# Home made photo tent



## davinci27 (Dec 31, 2008)

So I guess this could have gone in "Other stuff you make" :biggrin:  My wife kept complaining when I tried to use the kithcen counter as a photo studio, so I finally got around to making a photo tent. I'm cheap, so I made it out of a cardboard box and some white butcher paper I had lying around.  i cut holes in 3 of the 4 sides.  i covered the 2 sides with white paper and taped half of the top closed.  I cut a flap on each side for clamp points for the lights and I ran a scrap of wood across the top.  I use the wood to hold up the backdrop.  Here are a couple of pictures of the booth, and a few test shots from inside the booth.  
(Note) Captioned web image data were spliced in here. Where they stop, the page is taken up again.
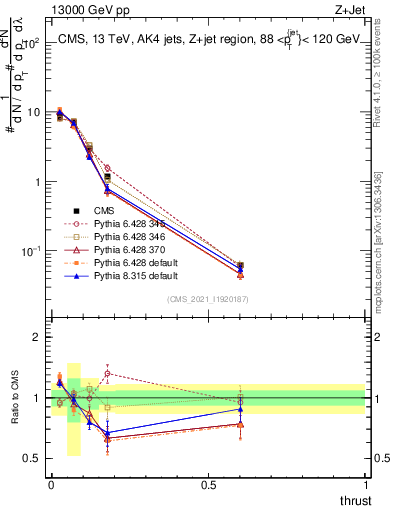 Plot of j.thrust in 13000 GeV pp collisions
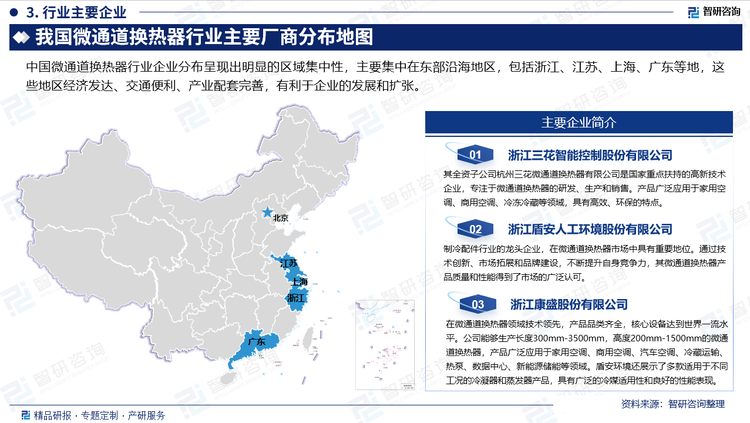 中國微通道換熱器行業(yè)企業(yè)分布呈現(xiàn)出明顯的區(qū)域集中性，主要集中在東部沿海地區(qū)，包括浙江、江蘇、上海、廣東等地，這些地區(qū)經(jīng)濟發(fā)達、交通便利、產(chǎn)業(yè)配套完善，有利于企業(yè)的發(fā)展和擴張。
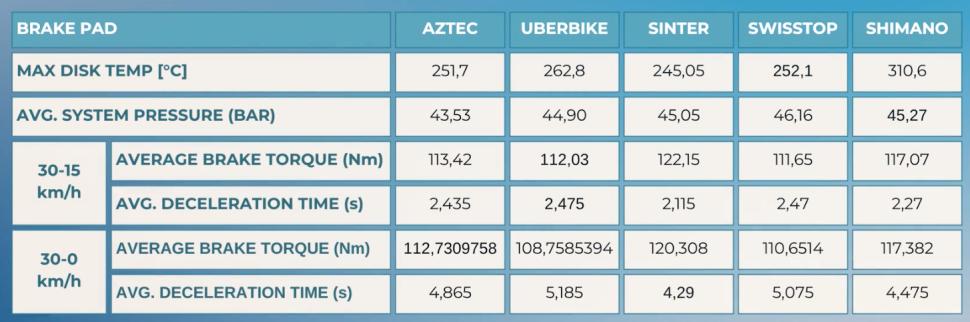 2025 expensive vs cheap brake pads performance test results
My photography is still a bit rough, and my digital camera is fairly old, but the shots are much better than my previous shots.  This is also the first time I've ever used a mirror in a picture, so I have a little bit of a double image in it.
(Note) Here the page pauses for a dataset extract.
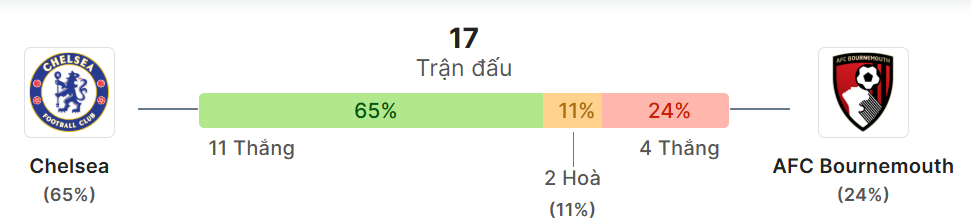 Thong ke doi dau Chelsea vs Bournemouth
Critiques and comments always welcom


----------



## gketell (Dec 31, 2008)

That's awesome creativity!  Now comes the "where do I store it?" issue.
GK


----------



## davinci27 (Dec 31, 2008)

yep that is an issue  If I had been thinking that through, I would have used a little less tape.  then I could just cut the tape on the bottom and fold it flat until the next time


----------



## LostintheWoods (Dec 31, 2008)

Looks as though it works pretty well. Congratulations are in order.


----------



## hewunch (Dec 31, 2008)

You said your wife doesn't like you making the counter a photo booth. How does she feel about it being in front of the fireplace? It makes great pictures, you might want to go with a more neutral background.


----------



## keithkarl2007 (Dec 31, 2008)

could you not make a tall cabinet and light it up inside, lights at the side and one overhead, that way it can be closed and out of the way, i think just my 2cents


----------



## davinci27 (Dec 31, 2008)

Well she doesn't cook in the living room so shes a little more accepting.  I have a bad habit ot setting up and taking pictures on my days off.  These are usually the same days we have company coming over and she is trying to prepare dinner or snacks. I try to tell her I am setting up to take pictures of the beautiful meals she is preparing, but for some reason she thinks I'm lying.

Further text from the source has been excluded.